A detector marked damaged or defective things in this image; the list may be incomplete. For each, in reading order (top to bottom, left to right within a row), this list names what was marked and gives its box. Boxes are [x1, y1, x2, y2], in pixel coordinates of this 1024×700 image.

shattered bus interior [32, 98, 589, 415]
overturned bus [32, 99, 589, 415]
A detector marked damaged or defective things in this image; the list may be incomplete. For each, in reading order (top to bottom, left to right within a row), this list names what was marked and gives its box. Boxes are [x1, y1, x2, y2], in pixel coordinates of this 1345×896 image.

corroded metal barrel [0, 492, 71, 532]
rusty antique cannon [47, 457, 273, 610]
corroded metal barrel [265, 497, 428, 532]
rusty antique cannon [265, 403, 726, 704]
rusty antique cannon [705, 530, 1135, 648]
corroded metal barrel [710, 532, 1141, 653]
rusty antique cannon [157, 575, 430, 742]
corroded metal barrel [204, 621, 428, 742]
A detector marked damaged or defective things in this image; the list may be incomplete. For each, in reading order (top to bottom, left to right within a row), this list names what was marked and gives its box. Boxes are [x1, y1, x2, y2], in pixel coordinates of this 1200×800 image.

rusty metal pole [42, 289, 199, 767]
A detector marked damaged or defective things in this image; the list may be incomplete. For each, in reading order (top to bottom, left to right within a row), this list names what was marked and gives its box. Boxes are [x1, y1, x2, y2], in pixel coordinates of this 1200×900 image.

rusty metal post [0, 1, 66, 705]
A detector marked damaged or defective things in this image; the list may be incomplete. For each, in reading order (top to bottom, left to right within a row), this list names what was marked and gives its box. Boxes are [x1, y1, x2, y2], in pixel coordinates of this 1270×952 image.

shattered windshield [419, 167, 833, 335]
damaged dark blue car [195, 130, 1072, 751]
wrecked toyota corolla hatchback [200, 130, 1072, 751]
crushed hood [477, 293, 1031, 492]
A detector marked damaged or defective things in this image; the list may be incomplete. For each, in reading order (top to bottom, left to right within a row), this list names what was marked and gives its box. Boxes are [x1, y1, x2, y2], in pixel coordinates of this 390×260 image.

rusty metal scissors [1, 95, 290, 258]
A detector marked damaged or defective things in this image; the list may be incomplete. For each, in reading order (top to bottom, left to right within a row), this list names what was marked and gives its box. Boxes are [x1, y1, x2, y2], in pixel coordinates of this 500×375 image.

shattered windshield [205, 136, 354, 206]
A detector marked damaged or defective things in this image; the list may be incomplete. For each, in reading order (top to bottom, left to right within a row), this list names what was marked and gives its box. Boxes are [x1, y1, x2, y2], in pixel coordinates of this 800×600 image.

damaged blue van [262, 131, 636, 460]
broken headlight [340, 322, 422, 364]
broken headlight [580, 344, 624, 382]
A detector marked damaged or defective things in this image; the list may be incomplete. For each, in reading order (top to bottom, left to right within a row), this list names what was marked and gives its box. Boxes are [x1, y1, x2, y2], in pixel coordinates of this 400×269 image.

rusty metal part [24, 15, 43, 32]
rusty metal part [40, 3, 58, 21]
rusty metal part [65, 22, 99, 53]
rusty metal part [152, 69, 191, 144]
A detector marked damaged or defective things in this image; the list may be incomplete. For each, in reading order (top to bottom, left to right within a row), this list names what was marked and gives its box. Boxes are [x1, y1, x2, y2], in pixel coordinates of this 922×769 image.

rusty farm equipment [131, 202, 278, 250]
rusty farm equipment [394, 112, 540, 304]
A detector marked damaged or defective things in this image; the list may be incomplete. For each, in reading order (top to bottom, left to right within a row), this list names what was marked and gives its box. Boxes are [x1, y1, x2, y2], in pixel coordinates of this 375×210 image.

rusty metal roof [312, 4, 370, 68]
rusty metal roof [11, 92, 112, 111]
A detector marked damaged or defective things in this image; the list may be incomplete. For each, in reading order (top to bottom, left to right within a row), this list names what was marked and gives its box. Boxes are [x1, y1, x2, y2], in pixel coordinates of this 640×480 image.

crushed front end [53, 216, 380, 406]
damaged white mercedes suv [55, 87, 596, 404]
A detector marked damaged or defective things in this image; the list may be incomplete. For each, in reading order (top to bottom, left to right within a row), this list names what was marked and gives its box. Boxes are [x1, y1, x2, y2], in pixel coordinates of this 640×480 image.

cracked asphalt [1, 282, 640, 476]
^^^^^^^^
Output an exact copy of each record.

A detector marked damaged or defective things in this image; the list may be incomplete. For each, in reading order (top to bottom, left to right within a row), this list names what was marked and gives its box. Boxes are [x1, y1, x2, y2], in pixel coordinates of this 1024×700 image.

shattered bus interior [32, 98, 589, 415]
overturned bus [32, 99, 589, 415]
A detector marked damaged or defective things in this image; the list may be incomplete. For each, in reading order (top to bottom, left to right within a row), this list names what was marked and gives its box. Boxes are [x1, y1, x2, y2], in pixel coordinates of this 1345×896 image.

corroded metal barrel [0, 492, 71, 532]
rusty antique cannon [47, 457, 273, 610]
corroded metal barrel [265, 497, 428, 532]
rusty antique cannon [265, 403, 726, 704]
rusty antique cannon [705, 530, 1135, 648]
corroded metal barrel [710, 532, 1141, 653]
rusty antique cannon [157, 575, 430, 742]
corroded metal barrel [204, 621, 428, 742]
A detector marked damaged or defective things in this image; the list may be incomplete. For each, in reading order (top to bottom, left to right within a row), this list names what was marked and gives its box. Boxes are [x1, y1, x2, y2], in pixel coordinates of this 1200×800 image.

rusty metal pole [42, 289, 199, 767]
A detector marked damaged or defective things in this image; the list may be incomplete. For each, in reading order (top to bottom, left to right within a row), this list names what was marked and gives its box. Boxes are [x1, y1, x2, y2], in pixel coordinates of this 1200×900 image.

rusty metal post [0, 1, 66, 705]
A detector marked damaged or defective things in this image; the list may be incomplete. For each, in reading order (top to bottom, left to right within a row), this list names what was marked and gives its box. Boxes are [x1, y1, x2, y2], in pixel coordinates of this 1270×952 image.

shattered windshield [419, 167, 833, 335]
damaged dark blue car [195, 130, 1072, 751]
wrecked toyota corolla hatchback [200, 130, 1072, 751]
crushed hood [477, 293, 1031, 492]
A detector marked damaged or defective things in this image; the list may be incomplete. For each, in reading order (top to bottom, left to right within a row), this list names what was marked and gives its box. Boxes are [x1, y1, x2, y2], in pixel coordinates of this 390×260 image.

rusty metal scissors [1, 95, 290, 258]
A detector marked damaged or defective things in this image; the list may be incomplete. For each, in reading order (top to bottom, left to right within a row), this list names what was marked and gives its box. Boxes are [x1, y1, x2, y2], in pixel coordinates of this 500×375 image.

shattered windshield [205, 136, 354, 206]
A detector marked damaged or defective things in this image; the list may be incomplete. For each, in reading order (top to bottom, left to right within a row), this list names what was marked and gives its box. Boxes are [x1, y1, x2, y2], in pixel coordinates of this 800×600 image.

damaged blue van [262, 131, 636, 460]
broken headlight [340, 322, 422, 364]
broken headlight [580, 344, 624, 382]
A detector marked damaged or defective things in this image; the list may be incomplete. For each, in reading order (top to bottom, left to right within a row), this list names what was marked and gives its box. Boxes are [x1, y1, x2, y2], in pixel coordinates of this 400×269 image.

rusty metal part [24, 15, 43, 32]
rusty metal part [40, 3, 58, 21]
rusty metal part [65, 22, 99, 53]
rusty metal part [152, 69, 191, 144]
A detector marked damaged or defective things in this image; the list may be incomplete. For each, in reading order (top to bottom, left to right within a row), this list names what was marked and gives its box. Boxes are [x1, y1, x2, y2], in pixel coordinates of this 922×769 image.

rusty farm equipment [131, 202, 278, 250]
rusty farm equipment [394, 112, 540, 304]
A detector marked damaged or defective things in this image; the list may be incomplete. For each, in reading order (top to bottom, left to right within a row), this list names what was marked and gives its box. Boxes are [x1, y1, x2, y2], in pixel coordinates of this 375×210 image.

rusty metal roof [312, 4, 370, 68]
rusty metal roof [11, 92, 112, 111]
A detector marked damaged or defective things in this image; the list may be incomplete. For each, in reading order (top to bottom, left to right within a row), this list names what was marked and gives its box. Boxes are [x1, y1, x2, y2], in pixel coordinates of this 640×480 image.

crushed front end [53, 216, 380, 406]
damaged white mercedes suv [55, 87, 596, 404]
A detector marked damaged or defective things in this image; the list may be incomplete. For each, in reading order (top to bottom, left to right within a row), this list names what was marked and gives its box. Boxes are [x1, y1, x2, y2], in pixel coordinates of this 640×480 image.

cracked asphalt [1, 282, 640, 476]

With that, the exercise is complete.